■ **Goal of the exercise**: Could you please transcribe the data exactly, without the pictures?

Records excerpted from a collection

= = = = =

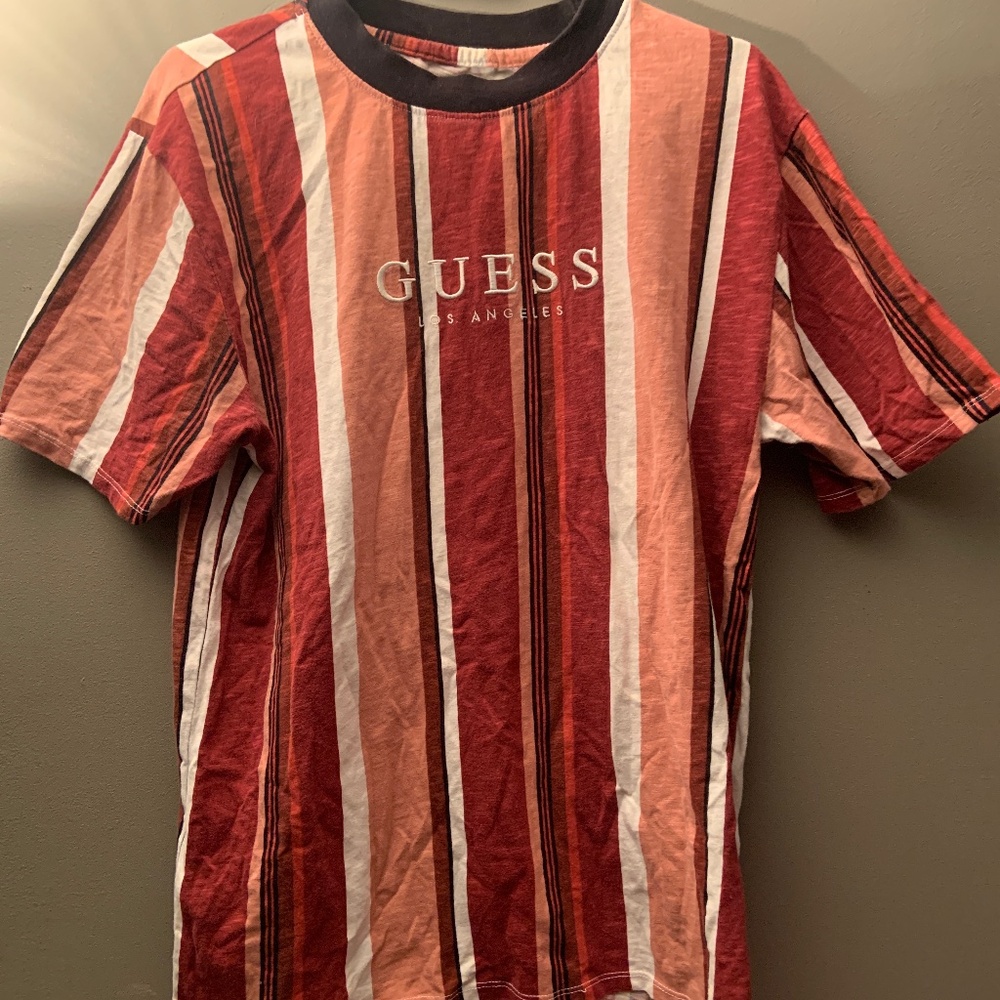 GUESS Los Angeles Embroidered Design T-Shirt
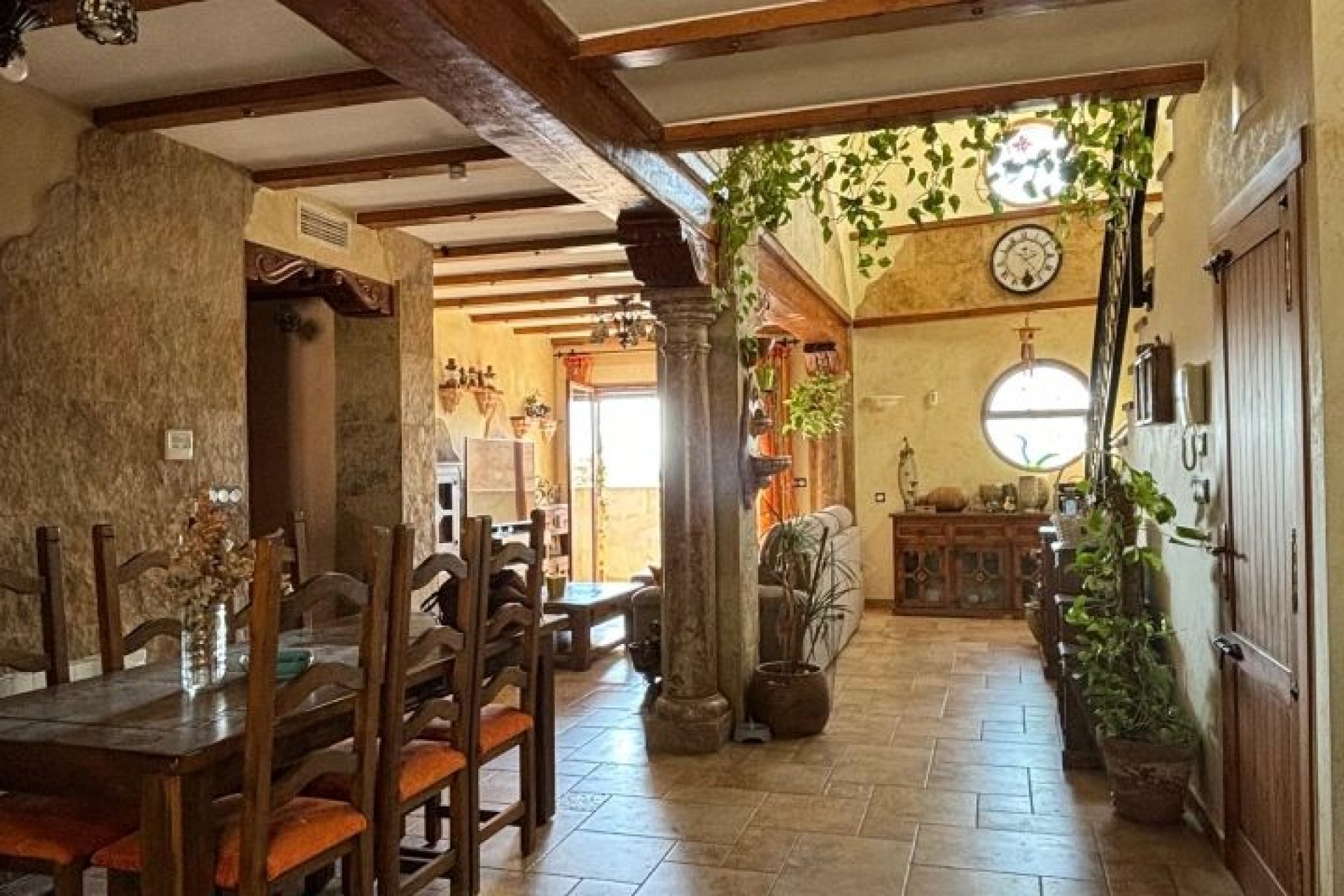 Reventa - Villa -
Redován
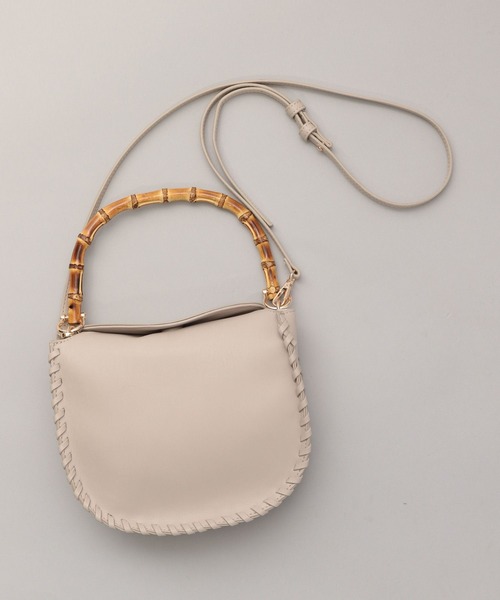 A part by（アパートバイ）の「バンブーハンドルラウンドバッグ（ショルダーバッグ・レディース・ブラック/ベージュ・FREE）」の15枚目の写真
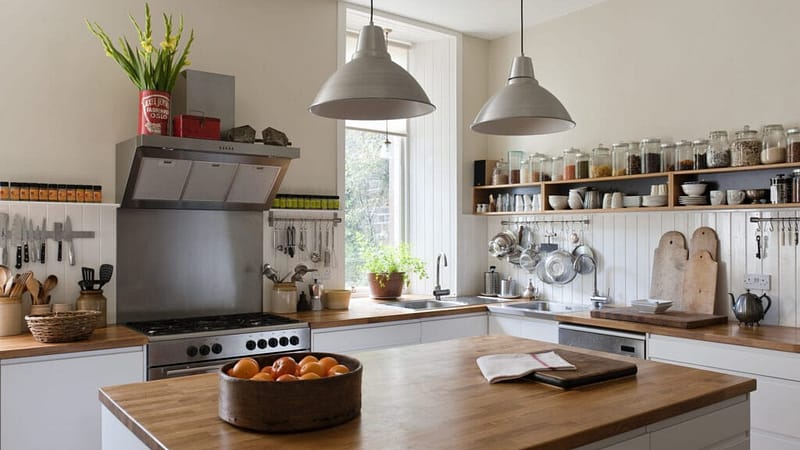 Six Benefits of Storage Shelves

= = = = =

■ **Solution to the exercise**:
 GUESS Los Angeles Embroidered Design T-Shirt
 Reventa - Villa -
Redován
 A part by（アパートバイ）の「バンブーハンドルラウンドバッグ（ショルダーバッグ・レディース・ブラック/ベージュ・FREE）」の15枚目の写真
 Six Benefits of Storage Shelves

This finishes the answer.